A torque tube transmits static and dynamic torsional loads in power transmission applications. For example, torque tubes are commonly used in aircraft to provide power transmission for actuating and braking flight control surfaces, e.g. flaps and slats, and for actuating aircraft door latches. Each end of a torque tube may be provided with an end fitting configured for mechanically coupling the torque tube to another transmission mechanism in the drive line.
So-called “composite” torque tubes made by winding carbon fiber tow around a mandrel are widely used in the aircraft industry in part because they are lighter than metal torque tubes yet still meet critical strength requirements. Composite torque tubes also offer improved flexural rigidity and torsional rigidity.
A recognized challenge in manufacturing composite torque tubes involves the attachment of the metallic end fittings to the composite material tube portion. It is important to attach the metallic end fittings to the composite tube such that the junction between the composite material and each end fitting is reliable and not prone to failure under loading.

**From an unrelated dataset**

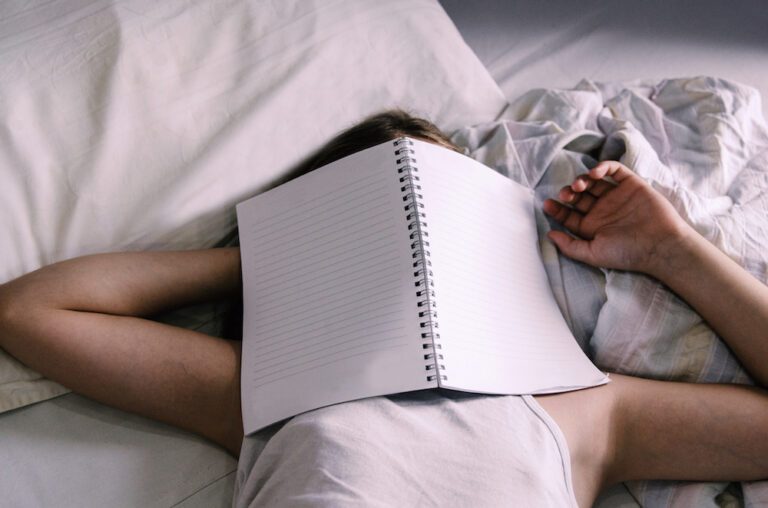 Dit zijn de meest voorkomende studieontwijkende dingen om te doen
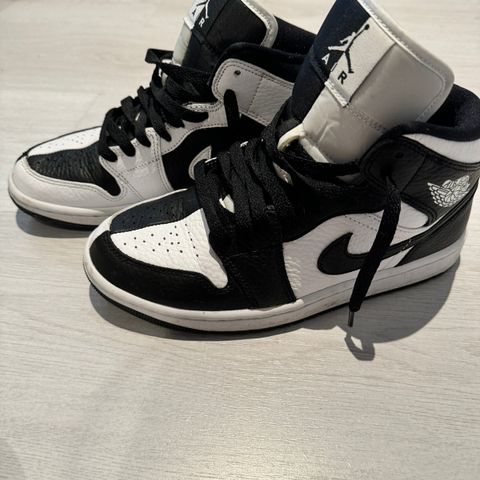 Jordan Air 1 Mid SE EDGE Black & white str 38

Various schemes for attaching end fittings to a composite torque tube have been proposed. U.S. Pat. No. 7,335,108 (Lin e al.) describes a drive shaft assembly having a composite tube and a pair of end fitting captured at each end of the composite tube. The assembly may be made by winding pre-impregnated (“prepreg”) fiber tow over a mandrel and the end fittings, enclosing the components in a vacuum bag and evacuating the internal space of vacuum bag, curing the prepreg fiber tow, and removing the vacuum bag and mandrel. Each end fitting includes a neck leading to a region having radially projecting lugs angularly spaced about a central axis of the assembly. The region having radially projecting lugs is captured by the composite material to transmit axial and torsional loads between the composite tube and the end fitting. The composite material has a non-circular cross-sectional profile where it surrounds the lug region of the end fitting.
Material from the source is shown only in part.